Directions for this task>
There is a line containing "4 Antonia Place, Bell Block" in the records below. Repeat it and every line after it, exactly, through the final line, but no pictures.

Stored records>

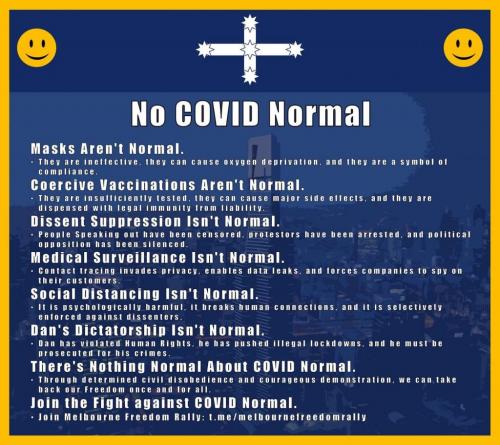 14:12:01 GMT+1100 (AEDT).image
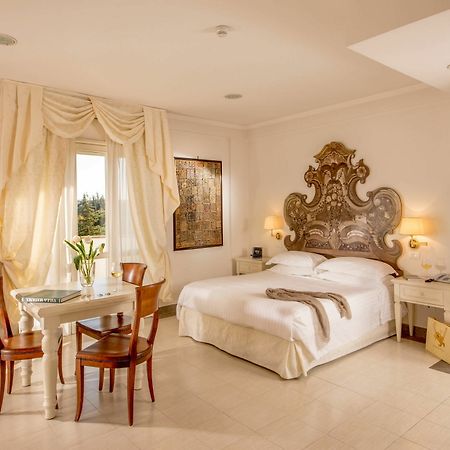Arcom Palace Pomezia Ngoại thất bức ảnh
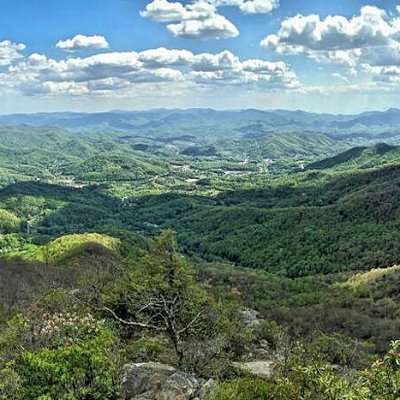 Sylva36743323's profile picture. Like to discover the world : )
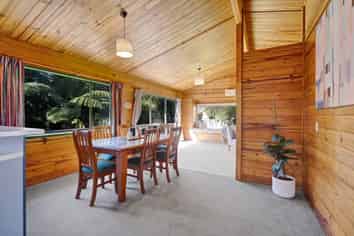 4 Antonia Place, Bell Block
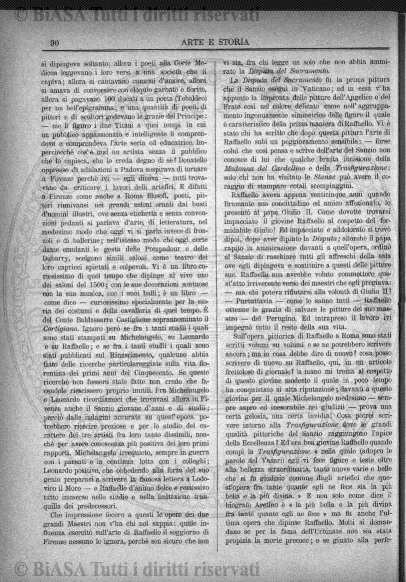 n. 12 (1835) - Pagina: 45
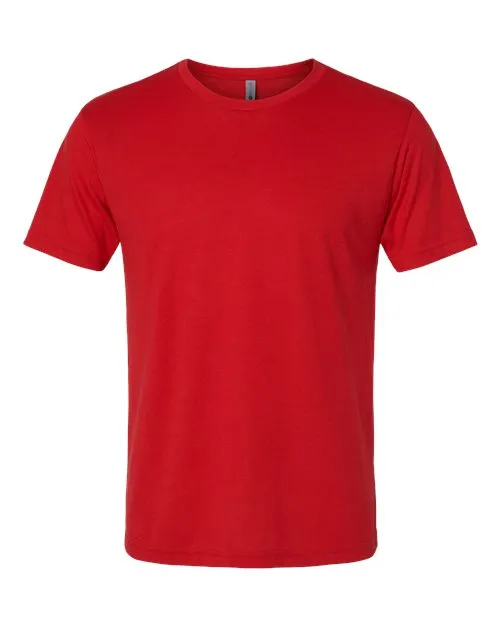Next Level - Triblend T-Shirt - 6010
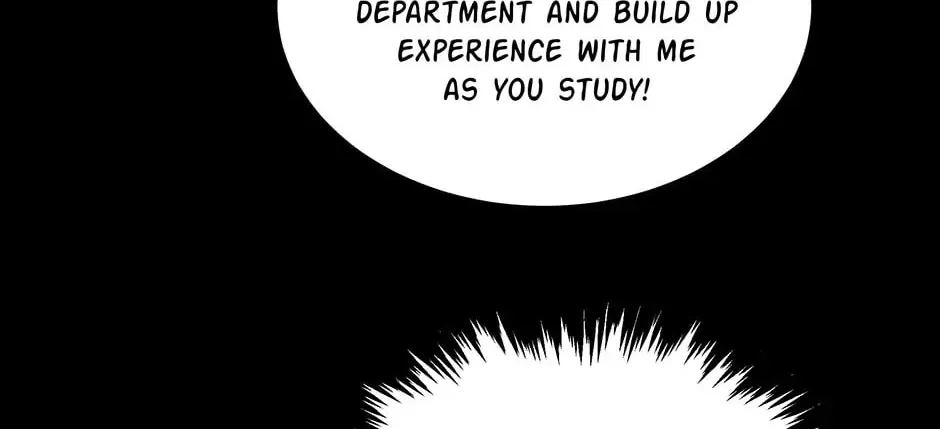 Read The Ghost Doctor chapter 97 image 122 on Lezhin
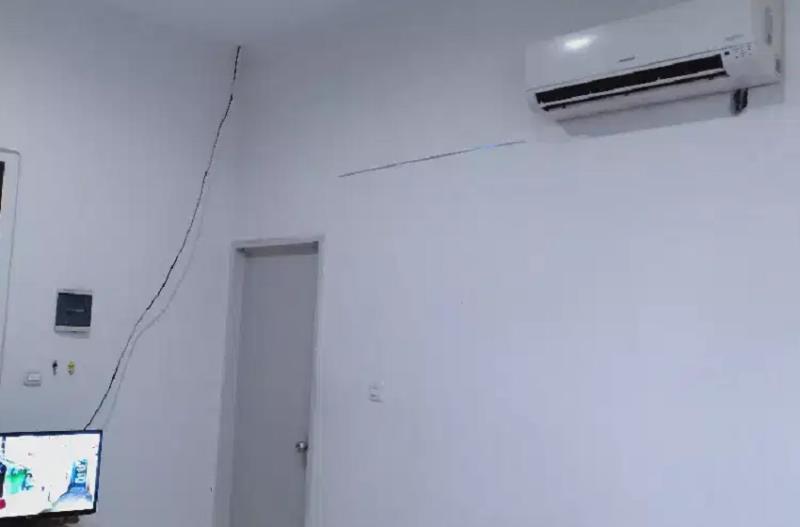 Foto Kost Arjuna Utara, Kost Id 3287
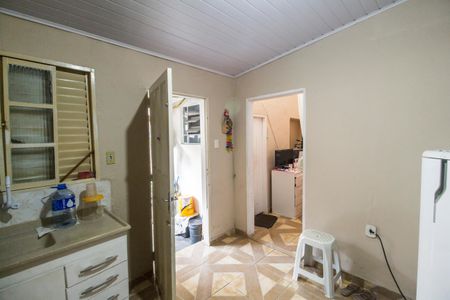 Casa à venda com 310m², 6 quartos e 4 vagas Casa à venda com 310m², 6 quartos e 4 vagasSuíte 2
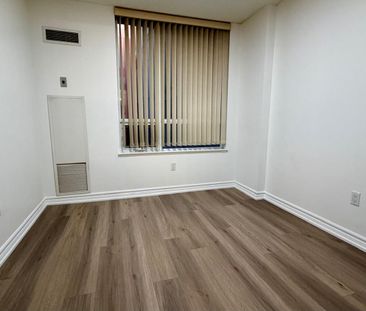 For Lease - 801 Bay Street Unit# 701, Toronto, Ontario - Photo 3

Solution to the exercise>
 4 Antonia Place, Bell Block
 n. 12 (1835) - Pagina: 45
Next Level - Triblend T-Shirt - 6010
 Read The Ghost Doctor chapter 97 image 122 on Lezhin
 Foto Kost Arjuna Utara, Kost Id 3287
 Casa à venda com 310m², 6 quartos e 4 vagas Casa à venda com 310m², 6 quartos e 4 vagasSuíte 2
 For Lease - 801 Bay Street Unit# 701, Toronto, Ontario - Photo 3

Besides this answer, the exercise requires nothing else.